Originally Posted by *AFWife* 
Funny side story...I took my DS to church for the first time today. We were doing communion and when the choir paused between songs he let out the biggest, nastiest sounding fart ever. I could have died!!

just wait till he's three, and can announce after said fart. . ."Mommy, I pass GAAASSSSS!!!"


----------



## atlambert (Apr 22, 2009)

Quote:


Originally Posted by *Jojo F.* 
These are great!!

When you get puked on and you don't even consider changing, just rub it in!!

When YOU smell like baby puke because it's still in your hair.

When you are bouncing/rocking your whole body when you aren't wearing your baby.

I rub it in, too!

Tonight, while DS started crying while DH was holding him, I started rocking/bouncing the bowl of lunch I was holding!


----------



## atlambert (Apr 22, 2009)

Quote:


Originally Posted by *AFWife* 
Funny side story...I took my DS to church for the first time today. We were doing communion and when the choir paused between songs he let out the biggest, nastiest sounding fart ever. I could have died!!

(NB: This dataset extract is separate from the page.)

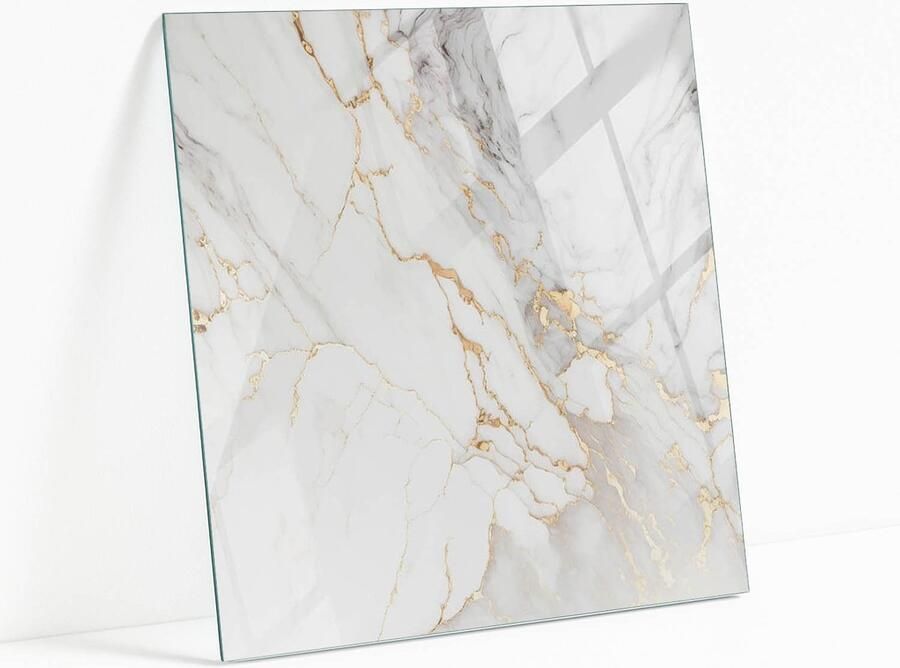WALLFLUENT Elegant Geaderd Marmer Gehard Glas 50 x 50 cm Wit Glazen Tafelblad Vierkant Tafelblad Glas Glasplaat Tafel Gehard Glazen Tafelblad Voor de Eettafel in de Eetkamer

My DS did this our second time to church!

Mine:

...When you clip your nails shorter so your LO can chew on them without hurting his mouth.


----------



## crabbyowl (May 6, 2008)

Quote:


Originally Posted by *kirstenb* 
When you go to work on Monday and when asked what exciting things you did this weekend, your answer is you went grocery shopping by yourself.

Or when your husband asks what you did today you can't think of a single thing, and so answer lamely, "Well... I did the dishes...."














:

When you're holding an armful of laundry and have to stop for a moment to take care of something else, you start rocking it and even kiss it because the only other thing you hold like that is your baby.


----------



## heidirk (Oct 19, 2007)

I have actually kissed my own shoulder!


----------



## AmandaClare (Aug 22, 2008)

Quote:


Originally Posted by *kirstenb* 
When you go to work on Monday and when asked what exciting things you did this weekend, your answer is you went grocery shopping by yourself.

Yes. Grocery shopping alone is a rare treat for me.


----------



## Magali (Jun 8, 2007)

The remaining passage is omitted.